## Directions for this task
Only the lines from the one containing "SpongeBob Family vs" through the end of the data below are to be repeated, exactly as given, without pictures.

## Data section
- - -

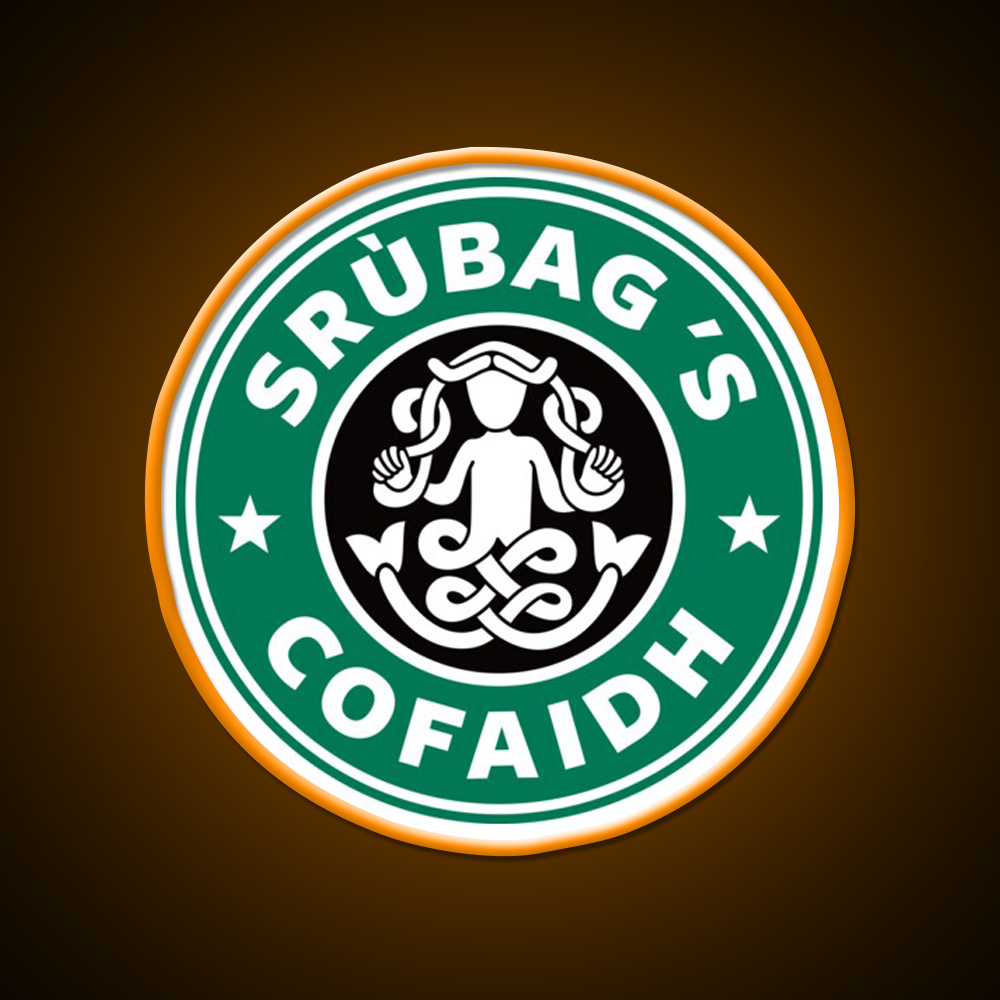 Gaelic Coffee Parody Whiskey Drink Bar Led Neon Sign Rgb Color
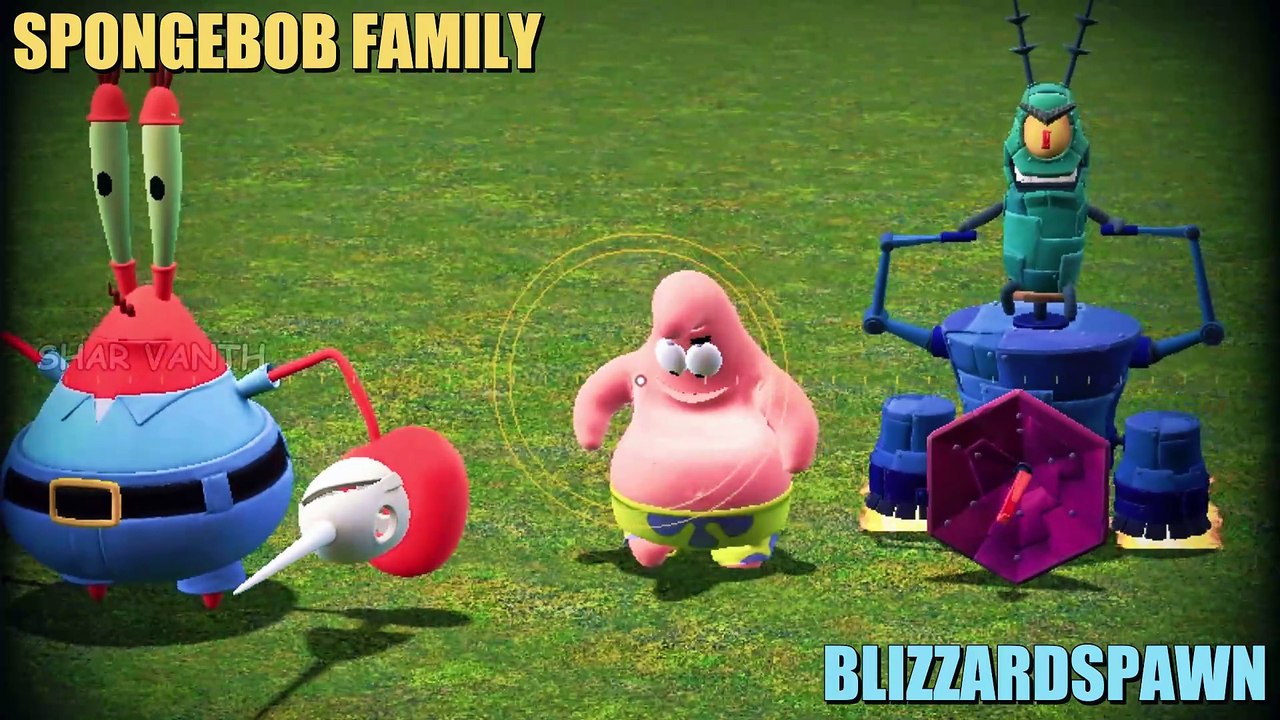 SpongeBob Family vs BlizzardSpawn | GMod Epic Battle!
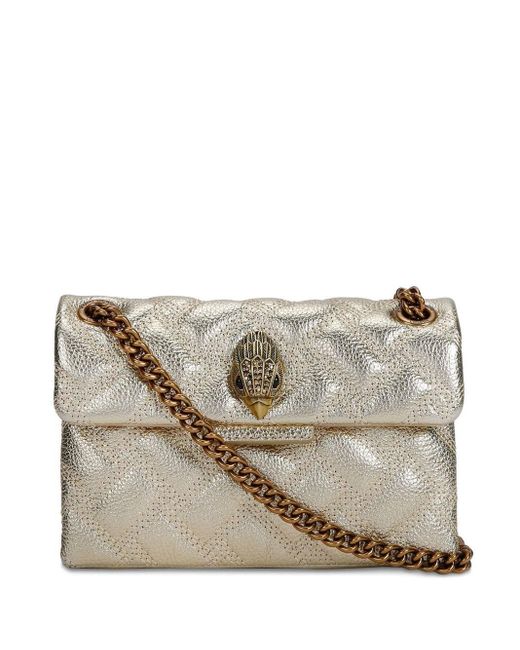 Kurt Geiger Kensington Metallic Quilted Bag in Grey Lyst Australia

- - -

## Response for this exercise
 SpongeBob Family vs BlizzardSpawn | GMod Epic Battle!
 Kurt Geiger Kensington Metallic Quilted Bag in Grey Lyst Australia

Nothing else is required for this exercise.